Townhouses with movement of their foundations,
How foundation movement in townhouses can be overlooked by building inspectors, if they are not prepared to look at the building exterior.
Identified by Peter Weddell, owner/operator of Qld Home Buyers Inspection Service.
Here is movement of a brick pier was taken in the same location on separate occasions.
- First photo was taken in 2009 and the second in 2017.
- This is strong evidence that it has not stopped moving.
- The only speculation is, how far will it continue to move in the future?
Sagging of the roof above this balcony is in a different location of the complex.
- The closer roof is sagging considerably from movement of its brick piers.
- The balcony in the background has not moved, this allows for a comparison guage.
A horizontal gap to this pier (just above the bearer) shows how much it has moved sideways.
- This bearer must be properly supported below it. The Bolt will rust over time and allow the bearer to drop.
More movement to another brick pier of the same building.
This brick pier has moved away from the bearer it is supposed to be supporting.
Problems & rectification:
- Movement: Underpinning-Reinforcing of footings supporting the piers.
- Improper securing and support of bearers: Ends of the bearers must be supported by the brick piers or steel columns. They were bolted to the brick piers. When the bolts rust, the bearer will not be supported.
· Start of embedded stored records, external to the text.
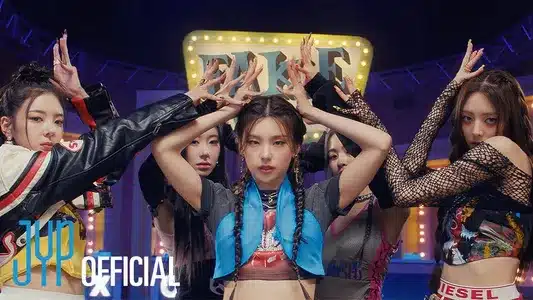 Cheshire Lyrics (English Meaning) | Itzy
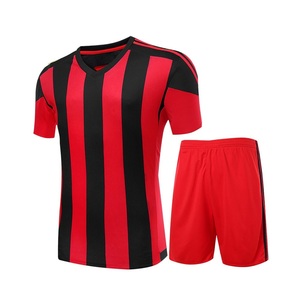 Uniforme de Fútbol Sublimado de Manga Corta, Ligero y Transpirable para Verano, Personalizable con Nombre y Número del Equipo - Product Image 5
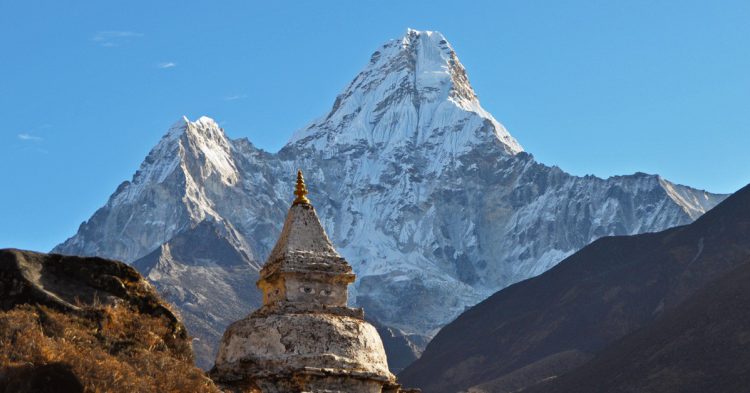 Ama Dablam - hoyfjellspesialisten.com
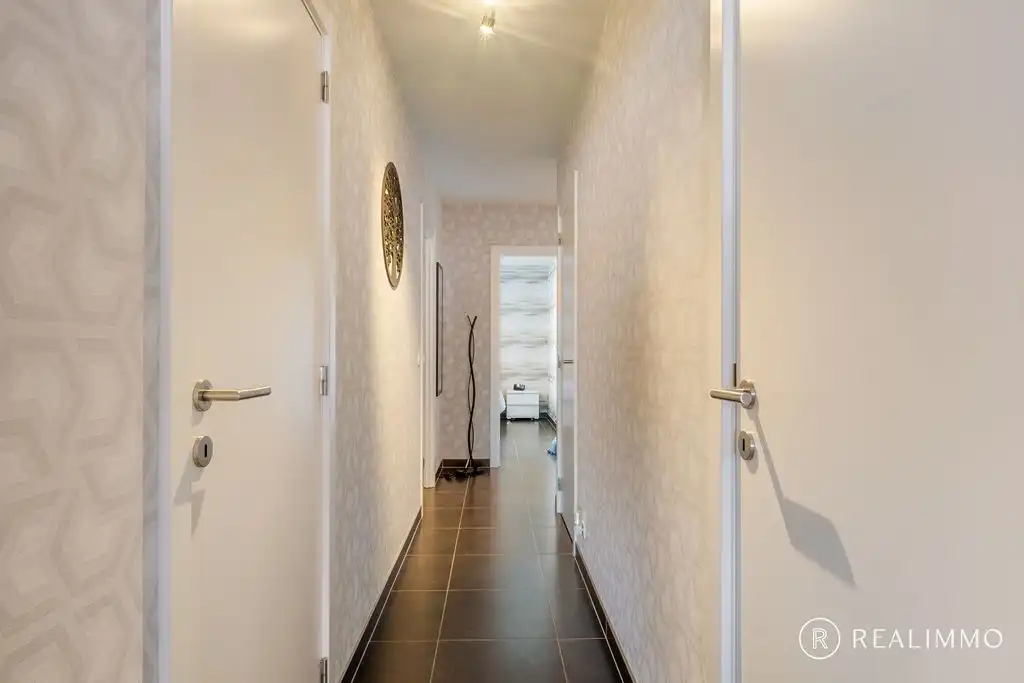 Lichtrijk appartement met twee autostaanplaatsen Avelgem foto 5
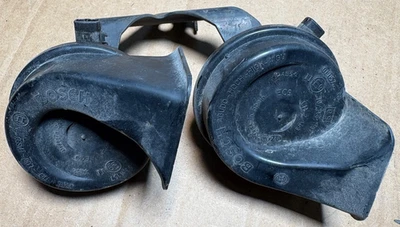 OEM 2002 DODGE DAKOTA OEM MOPAR CHRYSLER HORNS - Image 1 of 2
- Undersize piers: The brick piers should have been larger enough to allow reinforcing and concrete filling within.
Recommendation: Replace footings and brick piers with galvanised steel columns onto reinforced concrete pads.
Foundation movement in townhouses.
Ask a building inspector if they look at the common grounds of a unit block (where possible). These problems are what they are likely to miss if they don’t, this can prove to be costly for a buyer!